Hot like sixteen!

Hot like sixteen!

I must wear these.

No literally, I “must” as in they are a requirement, (although I also mean it in the “My toes are creeping into the patent leather involuntarily while I try to work” way).

Fellow Canyon HS Alum, buddy, Pac 10 rival and USA Champion 800 meter runner Alysia Johnson is getting married on the 19th of this month, and I’m an honored bridesmaid who gets to look super hot in a vintage style black wiggle dress.  Oh and these red, patent leather, Michael Kors drool-worthy wedges.

Given the fact that I’m too-slowly recovering from a stress fracture, the clock is ticking.  Never mind that the race season is quickly getting underway and I’m still not properly running…I need to be ready for this wedding.

With only 9 days to go, its best I don’t leave anything to chance.  I need a miracle healer.  Tomorrow morning I’m driving five hours to Belleview, Washington to see a voodoo doctor for three days.  Ok he’s not really a voodoo doc, but that’s what the skeptics will call him who want to see me wearing flip flops on the 19th.

He does what is called “Applied Kineseology” and his methods don’t fit into traditional medicine.  Its a field that gets a lot of flack from a lot of people because you can’t really explain why it works, and it is often challenged empirically, but for some people it works miracles, and this guy is considered one of the best out there.

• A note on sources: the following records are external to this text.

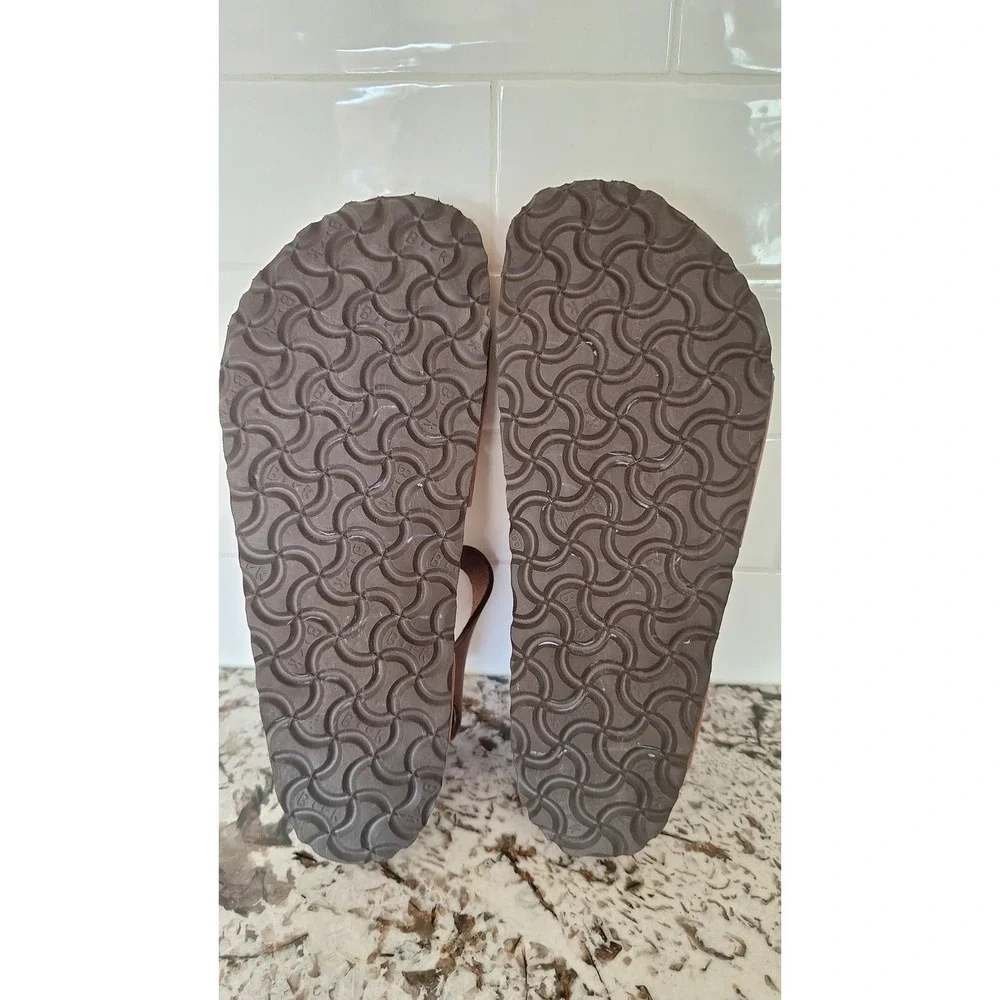 Birkenstock Bali Habana Brown Oiled Leather Soft Footbed Sandals Women 40 L9 M7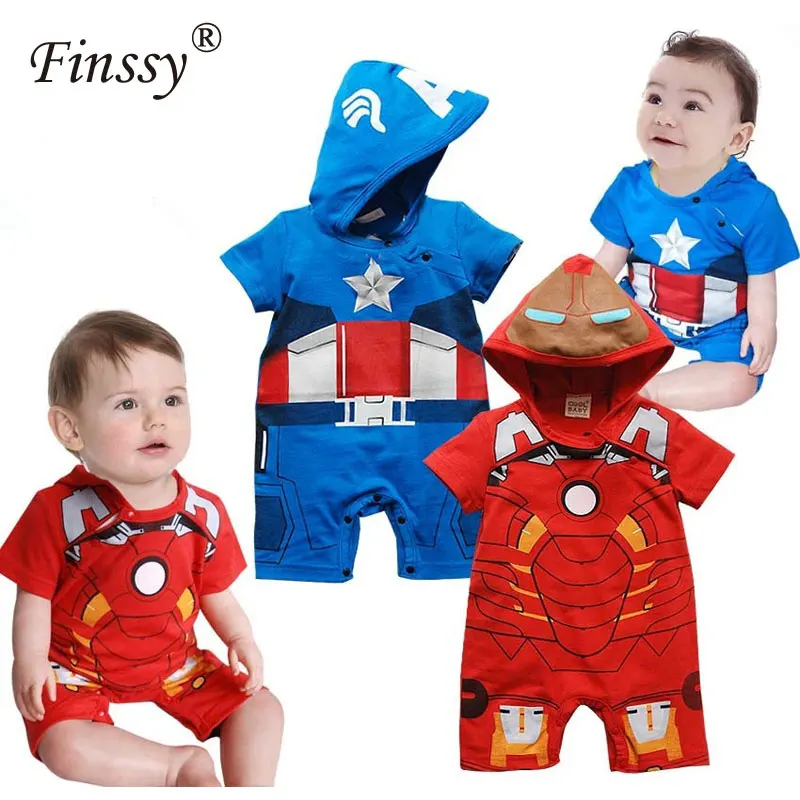 

2019new iron Man cosplay Costume for baby Boys iron Man Pyjamas Kids Captain America Pajamas Sets Baby Girls Toy Story top/pants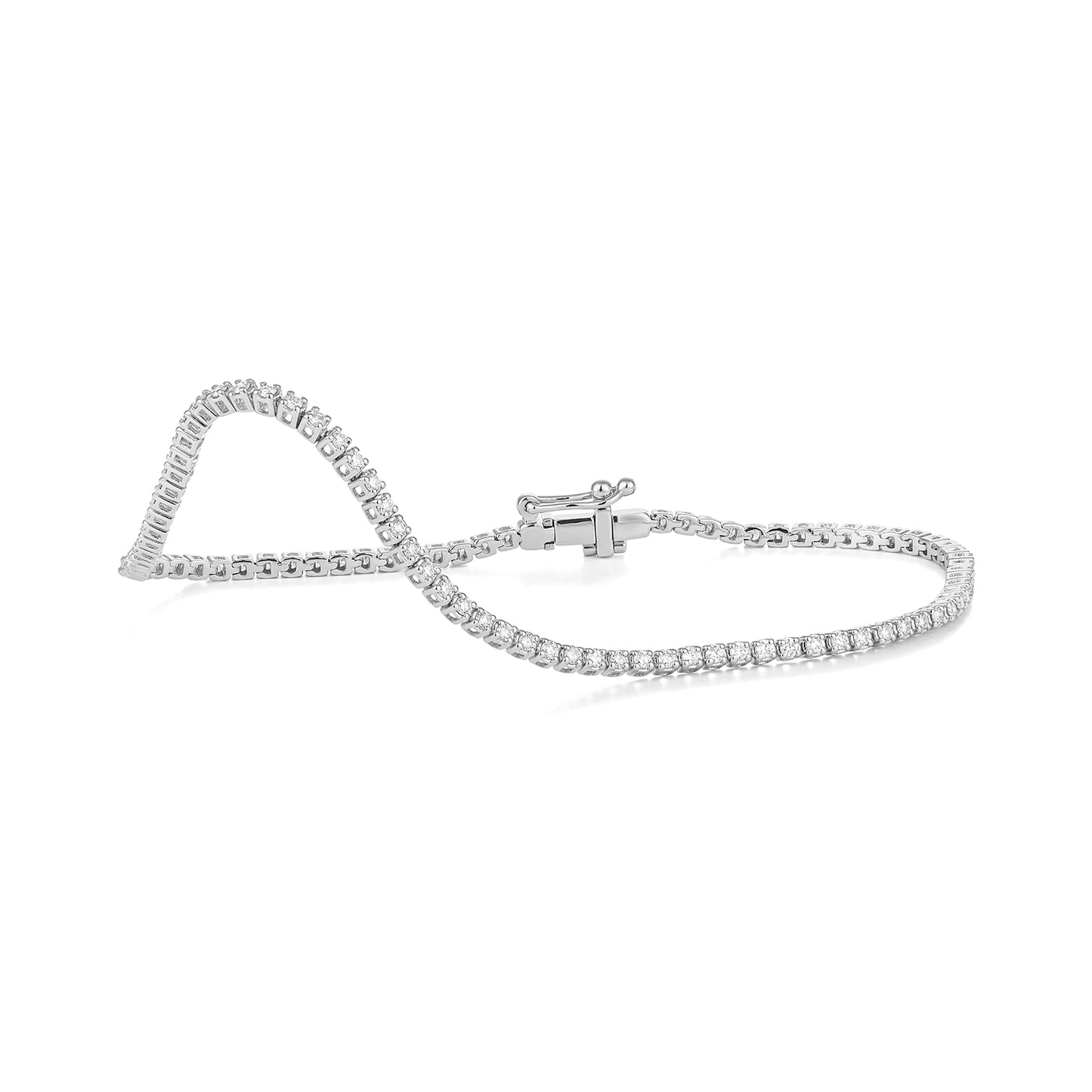 Pulsera Tennis | 1 ct | Cierre seguridad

I joke about the shoes being the impetus for this trip, and if you know me at all by now, you know that’s not the real reason.  I want to be well, getting after it in training and hurting people’s feelings in races, and I’ve done everything in my power for 10 weeks and here I still am, injured, my ass getting softer by the hour.  Speaking of asses, it will probably look better in that wiggle dress in my current form, so that’s a bonus, but I digress.

What convinced me to give applied kinesiology a try?  You’d think “Stanford Biology Degree…that’s not in the curriculum!”  Well, I’ve always been a secret hippy who loves focusing on my third eye in yoga (even though my type A personality makes it nearly impossible).  Also, my experience with great massage therapists has taught me that there is something very real about energy work.  Oh and I believe in superpowers.  Seriously, I do.

Not everything can be easily explained, and many a great athlete has been cured by alternative medicine.  Even if this guy literally waves a magic wand over me for three days straight with a pot of witches brew boiling a lock of my hair with frogs legs in the corner of the room, I’m in.  Bring it.